La plus haute cour sud-africaine a examiné vendredi un recours sur l’éligibilité de l’ancien président Jacob Zuma, question cruciale à moins de trois semaines d’une élection qui s’annonce comme la plus serrée depuis 30 ans.
A la fin d’une audience qui a duré plus de 10 heures, la Cour constitutionnelle de Johannesburg a réservé son jugement et levé la séance. Le jugement pourrait être rendu d’ici quelques jours.
M. Zuma, 82 ans, présent à l’audience, est à la tête d’un nouveau parti d’opposition (MK) qui cible notamment des électeurs déçus de l’ANC, le parti au pouvoir qui risque de perdre sa majorité parlementaire pour la première fois de son histoire lors des législatives du 29 mai.
Mais la commission électorale (IEC) avait fait valoir que Jacob Zuma, impliqué dans de multiples scandales de corruption, devrait être exclu du scrutin en raison d’une condamnation pour outrage en 2021 à 15 mois de prison.
La Cour constitutionnelle est appelée à se prononcer après qu’un tribunal électoral a donné raison à M. Zuma en avril.
La Cour doit trancher sur l’interprétation d’une norme constitutionnelle interdisant à toute personne condamnée à plus de 12 mois de prison de siéger au Parlement.
La commission électorale avait soutenu que cette disposition s’appliquait à M. Zuma. Mais les avocats de l’octogénaire avaient plaidé avec succès devant le tribunal électoral que ce n’était pas le cas, car sa sentence avait été raccourcie par une remise de peine.
Que M. Zuma ait purgé ou non l’ensemble de la peine à laquelle il avait été condamné, « il tombe dans la catégorie des gens exclus » du scrutin, a plaidé vendredi l’avocat de l’IEC, Tembela Ngcukaitobi.

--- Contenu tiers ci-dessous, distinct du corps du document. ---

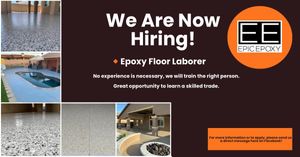 Our Epoxy Flooring service offers a durable and visually appealing solution for homeowners looking to enhance the aesthetic and longevity of their floors, providing a seamless finish that is easy to maintain. for Epic Epoxy  in Lake Havasu City,  AZ
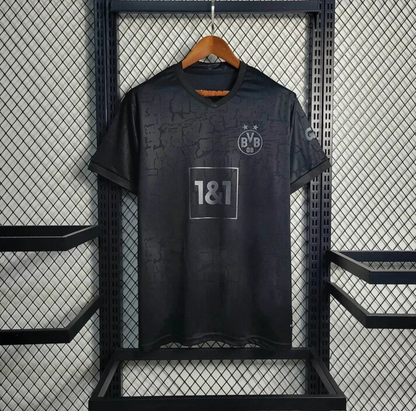 Dortmund Blackout kit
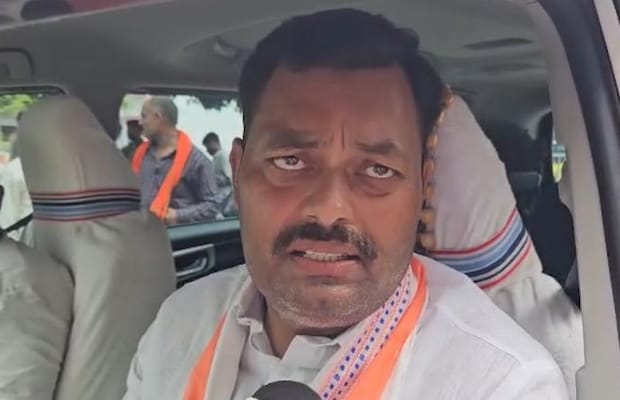 BJP, Shiv Sena welcome ‘Vande Mataram’ at Red Fort on I-Day; Cong questions BJP’s nationalism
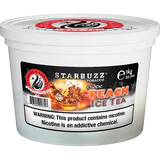 Starbuzz Bold Exotic Peach Ice Tea 1kg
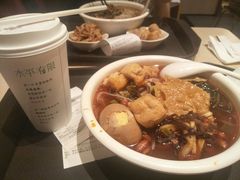-水平有限广西米粉·广西风味集(五道口店)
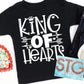 King of Hearts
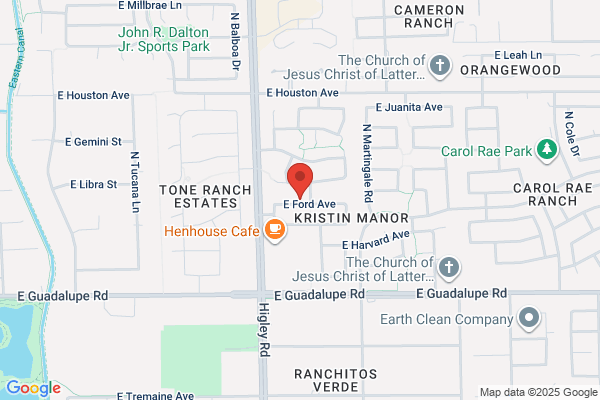 Landon Heating & Cooling LLC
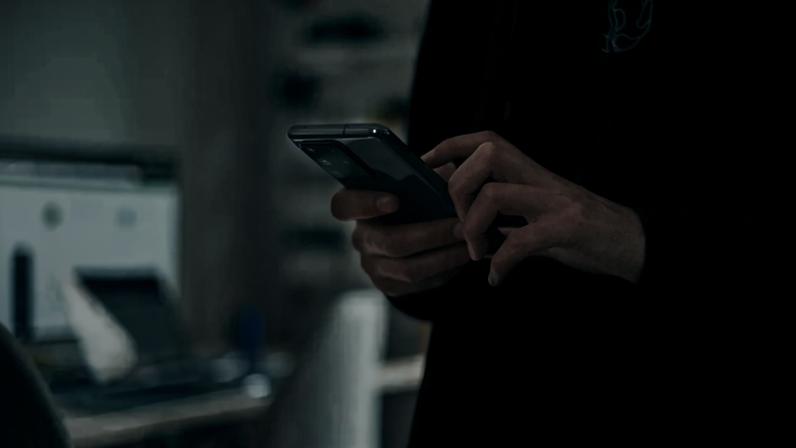 Alerta de phishing com falsos agentes bancários em circulação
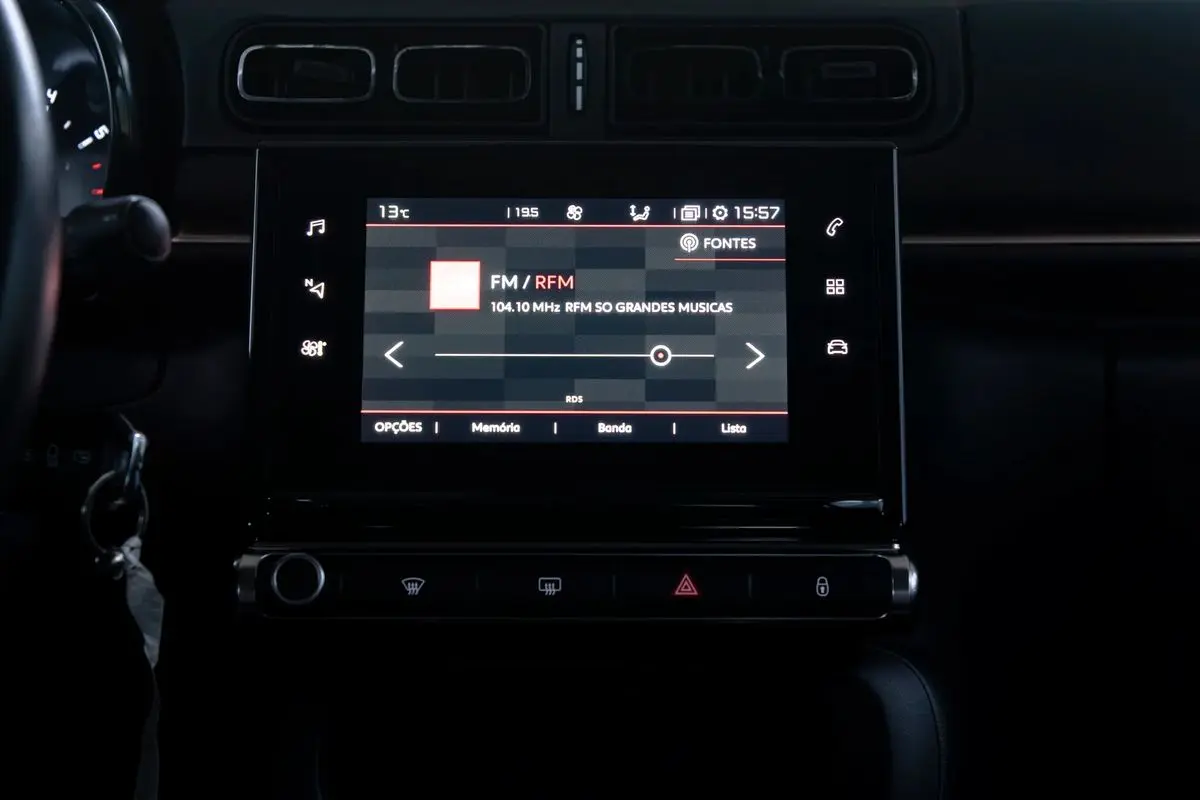 Citroën C3 Pure Tech S&S Origins 23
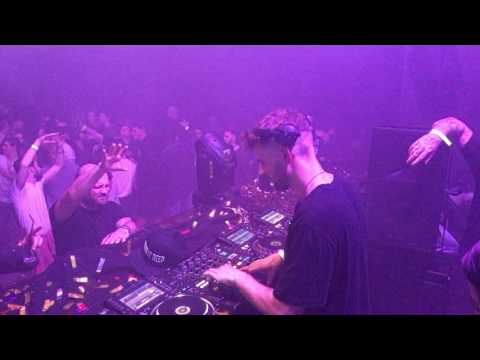 Tech it Deep TV - Latmun at Cutting Edge, Panama Amsterdam 2017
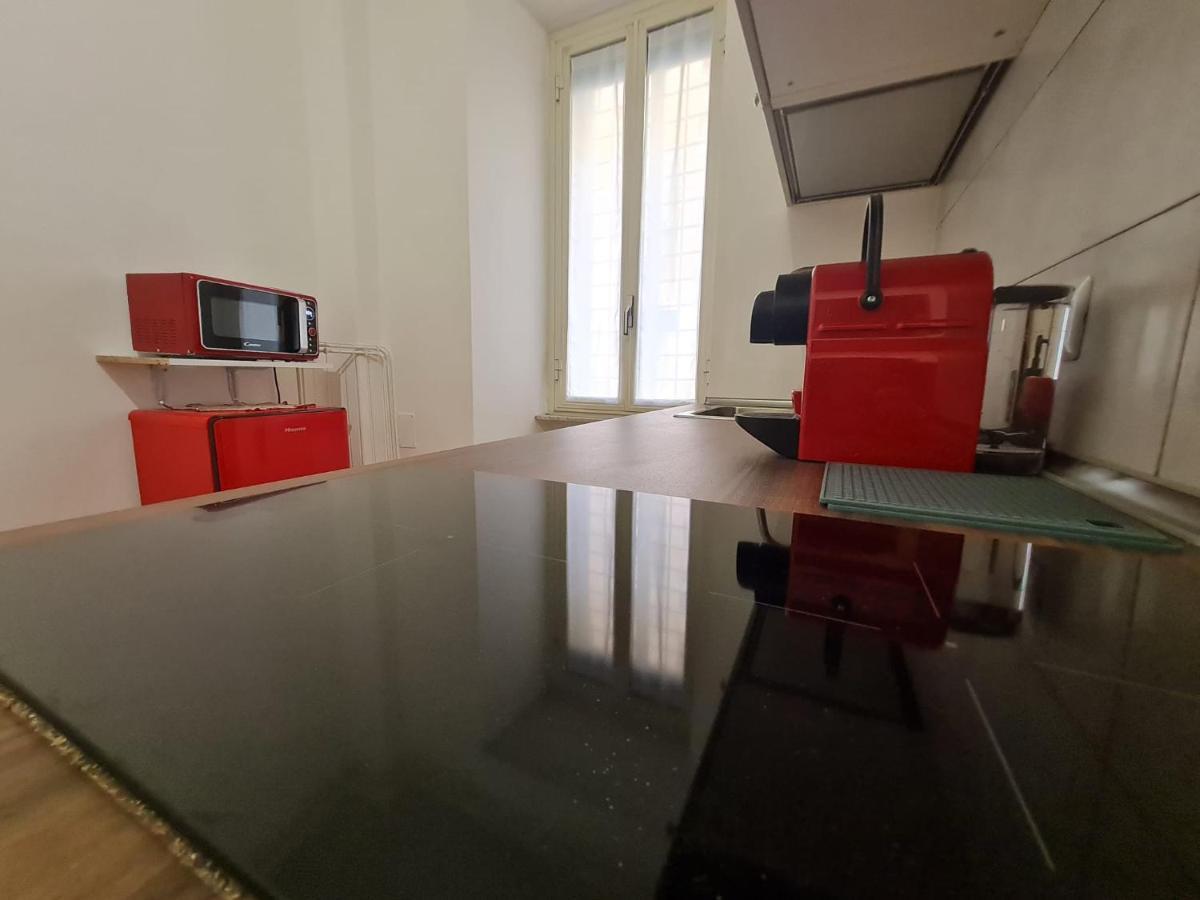 Casa Di Alessandro 로마 외부 사진
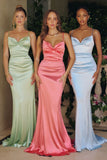 Amoris Evening Gowns T818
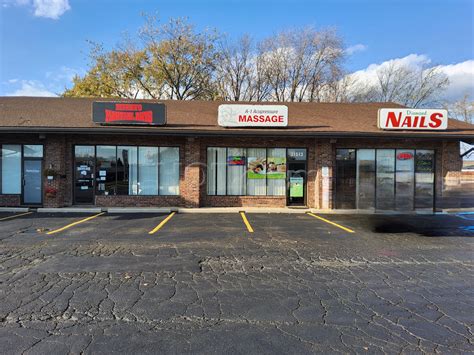 A1 Acupressure Massage | Massage Parlors in Detroit, MI | (586) 362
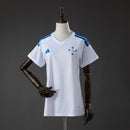 Camisa Cruzeiro 2026/27 Jogo Fora Feminina Premium | Allteams Imports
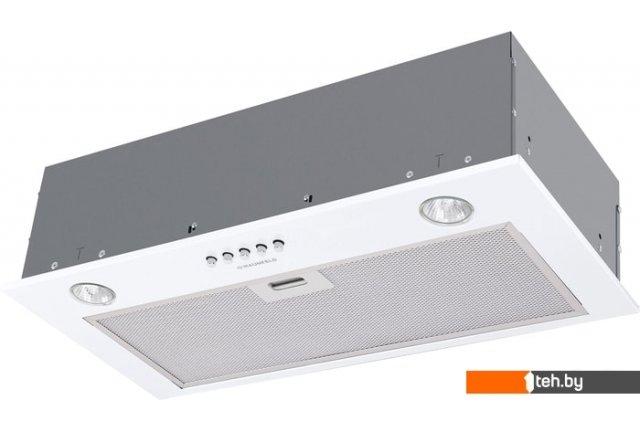 Вытяжки MAUNFELD Crosby Singl 60 (белый) Вытяжки MAUNFELD Crosby Singl 60 (белый)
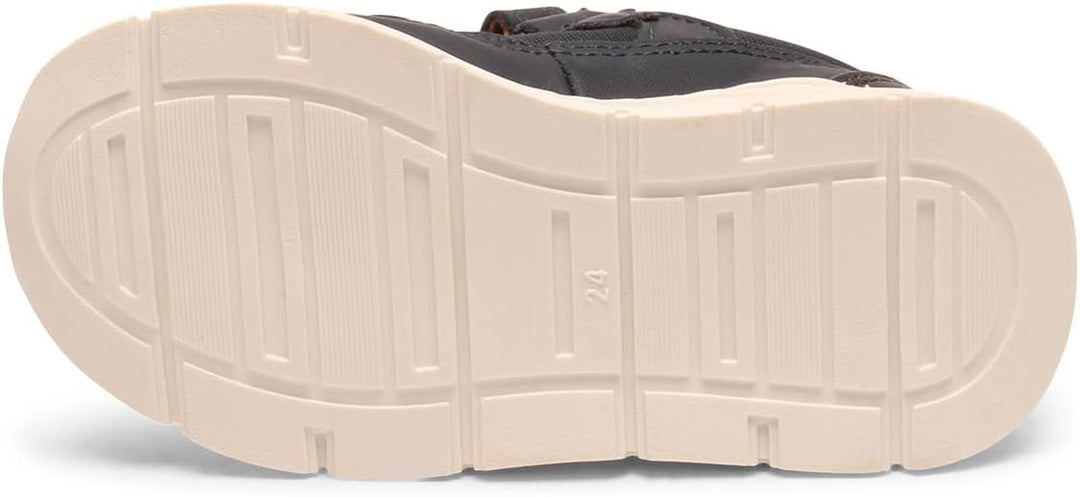 Bisgaard Unisex Kinder Pax E Sneaker 34 EU Marine, 34 EU Marine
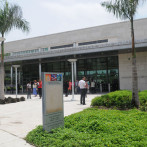 Embajada de EEUU en RD cancela servicios de este miércoles por tormenta Melissa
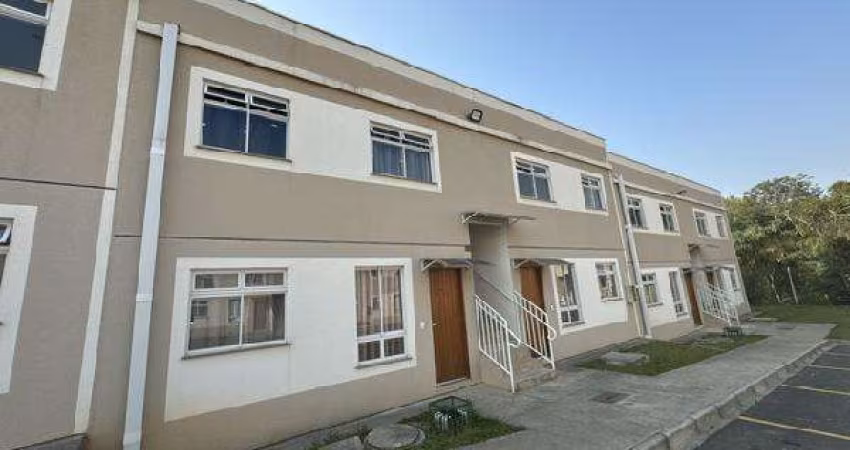 Oportunidade Única em ALMIRANTE TAMANDARE - PR | Tipo: Apartamento | Negociação: Venda Online  | Situação: Imóvel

« Il a été condamné », et « c’est très clair », à 15 mois de prison. La commission électorale « a eu raison de le disqualifier », a-t-il insisté. « Il n’est pas disqualifié par l’IEC, il est disqualifié par la Constitution ».
A lire: Elections en Afrique du sud: revers pour l’ANC, le parti de Zuma garde son nom
L’avocat de M. Zuma, Dali Mpofu, a plaidé au contraire, citant la définition du dictionnaire, qu’une remise de peine était « l’annulation d’une partie de la peine ».
– Besoin de « clarté » –
L’incarcération de M. Zuma en 2021 avait déclenché une vague inédite d’émeutes, qui avait fait plus de 350 morts. Beaucoup redoutent une redite de ce scénario catastrophe, les partisans de M. Zuma ayant « menacé de recourir à nouveau à la violence si les choses ne vont pas dans leur sens », comme l’a rappelé auprès de l’AFP la politologue Zakhele Ndlovu.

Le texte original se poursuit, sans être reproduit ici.